# The Probabilistic Sudoku Solver (PSS)

This is Michael A. Gottlieb's unorthodox probabilistic sudoku solver page.

Description of The  Probabilistic Sudoku Solver (PSS) Algorithm

PSS is unusual amongst sudoku solvers. It does not work at all like a human being; indeed, it does not use any form of logical deduction or backtracking. You could say that it works by making well-educated guesses. Here is a functional description of the algorithm:

The puzzle state is represented by 729 probabilities, one for each possible digit (1 thru 9) in each possible cell (of the 9x9 grid). Thus, if a character k definitely occupies a cell C then the probability of k in C is 1.0 and the probability of the other 8 characters in C is 0.0; furthermore, the probability of k in all other cells belonging to any of the three groups (the row, column, or region) to which C belongs is 0.0. The game state is initialized by setting probabilities to 1.0 or 0.0 in this manner as dictated by the initially occupied ("clue") cells.  The remaining unassigned probabilities are set so that the total probability of each digit in all cells sums to 9, and the probabilities of the digits in each cell sums to 1.

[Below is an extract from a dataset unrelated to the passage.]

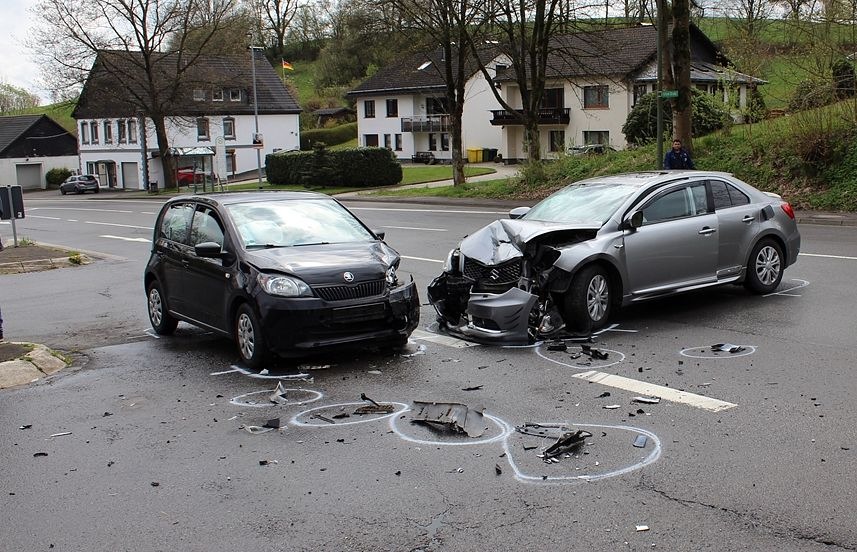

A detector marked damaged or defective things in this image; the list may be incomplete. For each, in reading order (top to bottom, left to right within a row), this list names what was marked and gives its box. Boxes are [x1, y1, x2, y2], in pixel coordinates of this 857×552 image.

After the probabilities are initialized, PSS enters a two step loop which repeats until the puzzle is solved (or fails to be solved). I call the two processes in the loop "evolution" and "clipping."

The evolution process adjusts the probabilities incrementally in order to conserve probability within the game state. For probability to be conserved, the sum of the digit probabilities for each cell must equal 1.0, and, for each character k the sum of the probabilities of k within each group must equal 1.0. After initialization (or after clipping), the probabilities will not satisfy these conservation laws (assuming the problem is not yet solved). The evolution process perturbs the probabilities, gently nudging them to converge to a (nearby) state in which the conservation laws are satisfied.

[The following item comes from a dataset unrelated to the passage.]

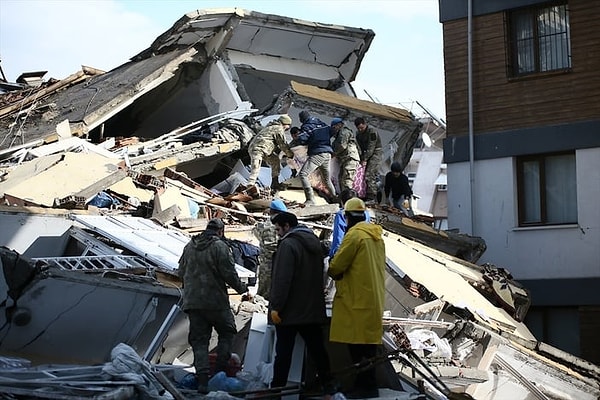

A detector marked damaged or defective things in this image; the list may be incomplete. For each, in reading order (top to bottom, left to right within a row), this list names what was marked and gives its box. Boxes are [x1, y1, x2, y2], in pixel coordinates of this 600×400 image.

broken window frame [506, 1, 572, 77]
broken window frame [516, 151, 576, 227]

The clipping process is very simple: The highest probability (of all 729) is incremented by .5  (and clipped at 1.0).

When any probability becomes either 0.0 or 1.0 it is locked at that value so PSS can no longer change it. This means that there is no "backtracking." Once PSS decides that a digit goes  (or can not go) in a cell, it never changes it's mind -  there is no trial and error involved in this algorithm.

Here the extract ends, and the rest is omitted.